Frequently Asked Questions About Environmental Science Degrees

How much can I make with an online degree in environmental science?

Data from the Bureau of Labor Statistics shows environmental scientists and specialists earned an average annual salary of $73,230 in 2020. However, there is a wide range of salaries for environmental science professionals depending on sector and experience. For example, the highest-paying industry for environmental scientists and specialists is the federal government with an average annual salary of $103,180.

Do I need a degree to work in environmental science?

Students' long-term career goals will influence which level of education they wish to pursue. Entry-level environmental science positions at the government level, as well as at some private firms, typically require a bachelor's degree in environmental science, earth science, or a related area. Master's degree are often necessary for advancement to higher positions, especially in consulting firms. To teach and/or conduct research at colleges and universities, an environmental scientist will need a doctoral degree in an environmental science area.
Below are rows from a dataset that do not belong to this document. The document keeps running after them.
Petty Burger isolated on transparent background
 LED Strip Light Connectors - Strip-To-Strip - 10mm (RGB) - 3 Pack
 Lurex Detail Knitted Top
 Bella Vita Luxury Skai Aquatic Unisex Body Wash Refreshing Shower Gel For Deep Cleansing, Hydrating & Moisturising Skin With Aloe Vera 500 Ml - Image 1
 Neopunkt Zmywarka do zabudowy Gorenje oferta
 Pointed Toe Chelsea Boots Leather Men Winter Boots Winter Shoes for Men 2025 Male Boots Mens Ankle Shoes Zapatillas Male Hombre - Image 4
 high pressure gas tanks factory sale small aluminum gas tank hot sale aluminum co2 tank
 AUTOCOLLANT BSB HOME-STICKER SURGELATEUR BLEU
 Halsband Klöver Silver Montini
What is the demand for positions within the environmental science field?

A number of emerging issues, such as the evolving effects of climate change and the dangers of hydraulic fracturing (fracking), are expected to drive above-average growth (8%) in demand for environmental scientists and specialists over the next eight years. Professionals with the right combination of education and experience will thus be eligible for many employment opportunities across a range of disciplines in the field of environmental science.